(Records for this task)

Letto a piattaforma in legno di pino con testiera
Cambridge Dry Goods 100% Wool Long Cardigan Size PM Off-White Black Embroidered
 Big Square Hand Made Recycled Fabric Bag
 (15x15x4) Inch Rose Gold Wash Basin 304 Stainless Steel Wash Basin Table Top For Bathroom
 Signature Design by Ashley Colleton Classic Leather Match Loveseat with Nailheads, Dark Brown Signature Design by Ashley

(End Records for this task)

What you will do
Copy word for word the stretch of entries above from the line that has "Cambridge Dry Goods" through the line that has "(15x15x4) Inch Rose", both ends included, and nothing outside it.

Solution for this exercise
Cambridge Dry Goods 100% Wool Long Cardigan Size PM Off-White Black Embroidered
 Big Square Hand Made Recycled Fabric Bag
 (15x15x4) Inch Rose Gold Wash Basin 304 Stainless Steel Wash Basin Table Top For Bathroom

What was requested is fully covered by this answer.